If the policy reforms in the areas of fiscal operations, competitiveness and governance which the Government of Sri Lanka indicated as necessary, are successfully implemented it could help the country to reach Upper Middle Income status in the medium term, the World Bank said in a recent statement.
The World Bank said that Sri Lanka’s gross domestic product (GDP) growth will remain flat this year compared to 2015, and will marginally improve to just above 5 percent in 2017 as more investments flow in.
“Sri Lanka’s GDP growth to remain unchanged in 2016 and grow marginally over 5 percent in 2017 and beyond driven by public and private investment (including the resumption of postponed FDI), tourism and reduced negative impact on growth from commodity imports,” it said in the report.
Sri Lanka’s GDP grew at 4.8 percent in 2015, amid uncertainty surrounding an election year and due to the change of the base year of calculations to 2010, slightly down from 4.9 percent growth experienced in 2014.

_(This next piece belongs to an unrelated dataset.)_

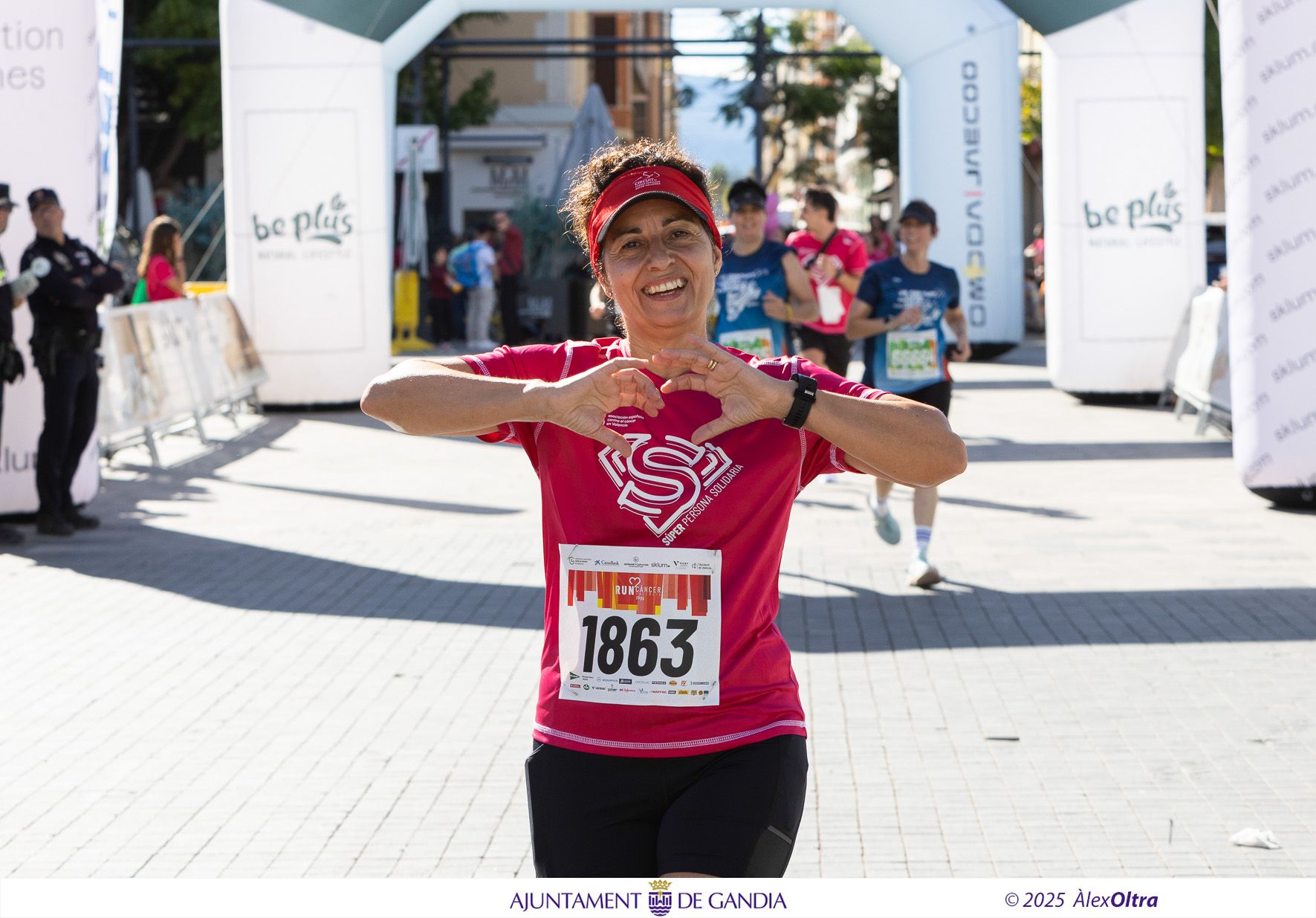 Gandia bate récords de solidaridad en la RunCáncer 2025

The World Bank said that past currency depreciations and the Value Added Tax (VAT) increase will impart upward pressure on inflation, despite lower global commodity prices.
“The current account deficit is projected to narrow in 2016 with reduced imports and increased tourism,” it added.
The World Bank added that to sustain growth above 5 percent, Sri Lanka needs to increase revenue collection, remove tax exemptions which benefit the rich and set up pro-poor safety nets, improve export competitiveness, and work towards refinancing debt which will mature starting from 2019.
It added that tightening global financial conditions could lead to capital outflows and make borrowing more expensive.
“While the economy is unlikely to feel the direct impact of a slowdown in China and the Brexit, continued economic woes in the Middle East, the European Union and Russia could adversely affect Sri Lankan exports and remittances,” the World Bank said.